Wazuh has the capability of running active response scripts. These are scripts that are run on a client when a certain rule is triggered. None of these are active by default, but Wazuh ships with a few rules that can be enabled. The default scripts that can be enabled on a Windows endpoint are:

• Block IP address, either using netsh to block it on the Windows firewall, or using a null route.
• Restart the Wazuh agent

You also have the capability to create custom response scripts. We could extract the IP address from the PowerShell operational log, or we could kill the PowerShell process itself. Both of these are risky, if we are not very confident that the process is malicious. Of course, when the detection is simply based on the fact that a new TCP connection was created by PowerShell, we have not way of really knowing that. For that we would need a much more specific detection, preferably matching clear indicators of compromise. Wazuh does not have a live response feature, like many commercial EDR products. An alternative approach is to install a remote access tool on each endpoint, allowing the analyst to connect and perform live response on the device itself.

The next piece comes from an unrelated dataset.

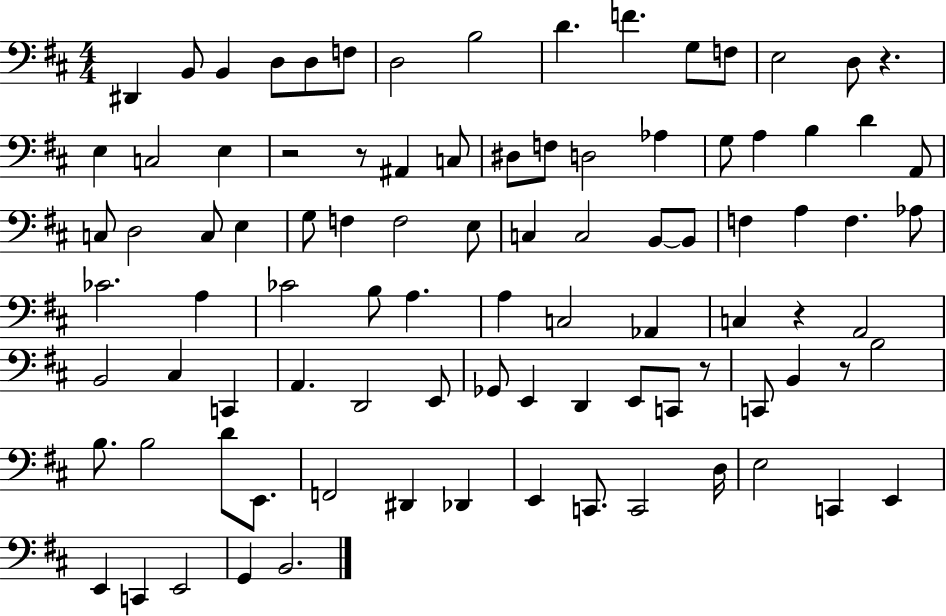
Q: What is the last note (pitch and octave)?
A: B2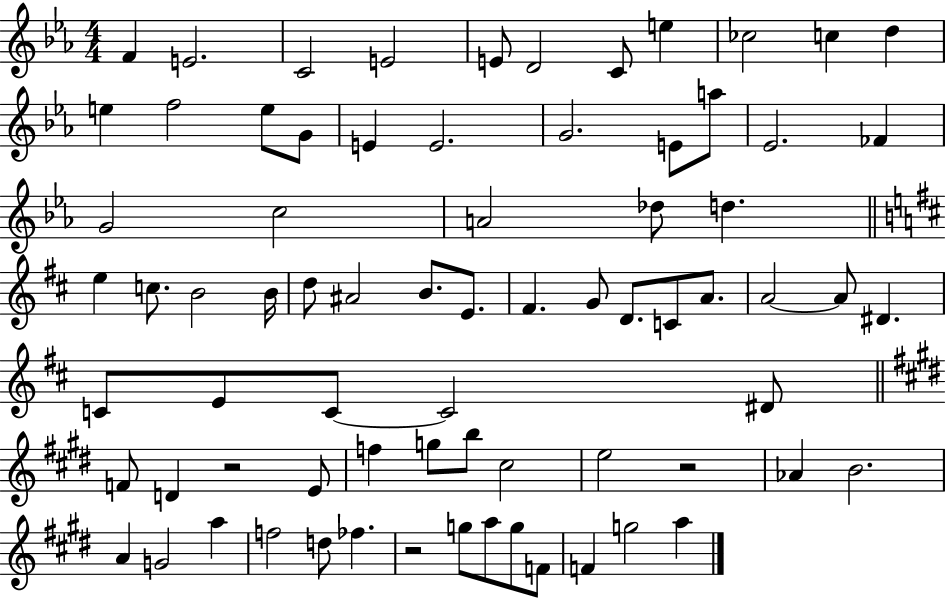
F4/q E4/h. C4/h E4/h E4/e D4/h C4/e E5/q CES5/h C5/q D5/q E5/q F5/h E5/e G4/e E4/q E4/h. G4/h. E4/e A5/e Eb4/h. FES4/q G4/h C5/h A4/h Db5/e D5/q. E5/q C5/e. B4/h B4/s D5/e A#4/h B4/e. E4/e. F#4/q. G4/e D4/e. C4/e A4/e. A4/h A4/e D#4/q. C4/e E4/e C4/e C4/h D#4/e F4/e D4/q R/h E4/e F5/q G5/e B5/e C#5/h E5/h R/h Ab4/q B4/h. A4/q G4/h A5/q F5/h D5/e FES5/q. R/h G5/e A5/e G5/e F4/e F4/q G5/h A5/q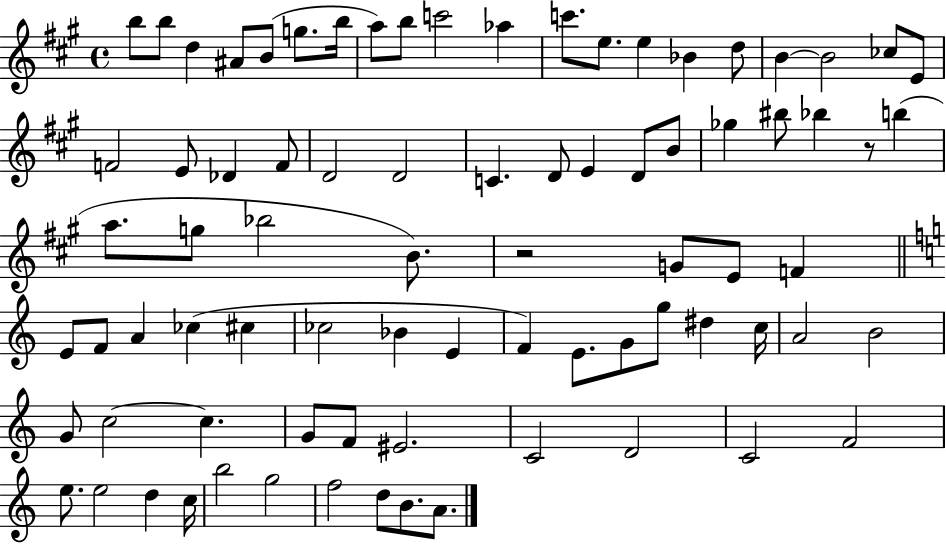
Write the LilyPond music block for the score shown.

In other words, to perform remote response in this situation, either create more specific detections, or provide a tool to do it manually on the endpoint. But all in all, Wazuh rules are relatively easy to customize, and you can map your own rules towards a threat model. You can also tag the rules you create with the relevant MITRE ATT&CK technique, which brings a bit more context in the Wazuh dashboards.

After updating the new detection rule with MITRE technique, we get a bit more context into the Wazuh alert. We can then easily use MITRE ATT&CK techniques in threat hunting, and to categorize detections.